Durcissement des conditions d’accès aux marchés financiers
Entre 2015 et 2016, Glencore – appuyé par un consortium de banques – a accordé un prêt de 850 millions de dollars au gouvernement congolais, censé être remboursé grâce à des livraisons de pétrole sur une période de cinq ans. Ces mécanismes de prépaiement, adossés aux ressources naturelles, sont devenus populaires auprès de certains producteurs africains d’hydrocarbures à la suite de la crise financière de 2008 et du durcissement des conditions d’accès aux marchés de capitaux. Toutefois, la chute des prix du brut est venu compliqué l’équation pour les pays africains. Après une demi-douzaine d’années au-dessus de 100 dollars, le baril de brut a brusquement reculé restant dans une fourchette de 40 à 60 dollars entre 2015 et 2017. Il a depuis lors rarement dépassé 80 dollars.
Une situation qui a durement affecté le Congo-Brazzaville, dont l’endettement est resté supérieur à 100% du PIB ces dernières années, contraignant le pays à renégocier son endettement auprès des traders. Si un accord de principe a été trouvé avec Trafigura, autre géant suisse du négoce, les discussions avec Glencore ont elles pris du retard, des divergences existant notamment quant à la décote que les prêteurs devraient accepter sur le montant de cette dette.
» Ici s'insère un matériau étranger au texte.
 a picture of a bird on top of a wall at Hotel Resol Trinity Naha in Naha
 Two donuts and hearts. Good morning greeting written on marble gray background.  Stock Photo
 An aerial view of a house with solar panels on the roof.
Compte tenu de la taille et la prépondérance de ce type de prêts aux conditions opaques et aux taux d’intérêt élevés, David Mihalyi, économiste au Natural Ressource Governance Institute avait indiqué dans une note datant de juin 2020 que « les négociants en matières premières devraient également se joindre à l’effort mondial d’allègement de la dette ».
Appui du FMI
Le FMI, qui pressait Brazzaville d’obtenir un décote de 30%, est toutefois dans la dernière ligne droite en vue de la signature d’un accord de financement avec le gouvernement congolais. Ce prêt d’une valeur de 456 millions de dollars devrait être soumis à la mise en œuvre de plusieurs réformes pour renforcer la gouvernance et la transparence dans la gestion de ressources publiques et pétrolières du pays. Selon Bruno Itoua, cité par Reuters, l’accord avec le FMI pourrait renforcer la position du pays vis-à-vis de Glencore.
Selon les données de la Banque mondiale, la dette de la république du Congo a atteint 103 % du PIB en 2020. Elle est anticipée à 93% d’ici à la fin 2021. Selon le FMI, en décembre dernier, la dette publique brute dans le cadre des accords de prépaiements pétroliers était estimée à 1,9 milliard de dollars (environ 17,3% du PIB). La dette publique brute du pays était estimée, à la même échéance, à 11 milliards de dollars, dont près de 7 milliards de dollars vis-à-vis de créditeurs extérieurs.
Outre ses négociations avec Brazzaville, Glencore est en discussions avec les autorités tchadiennes. Le négociant doit obtenir l’avant de N’Djamena pour céder ses champs pétroliers dans le pays Tchad à la société pétrolière et gazière française Perenco, a indiqué l’agence Reuters, début novembre, citant un porte-parole de la société. Le géant minier anglo-suisse a acheté ces champs pétroliers en 2014 et les a mis en vente en 2019.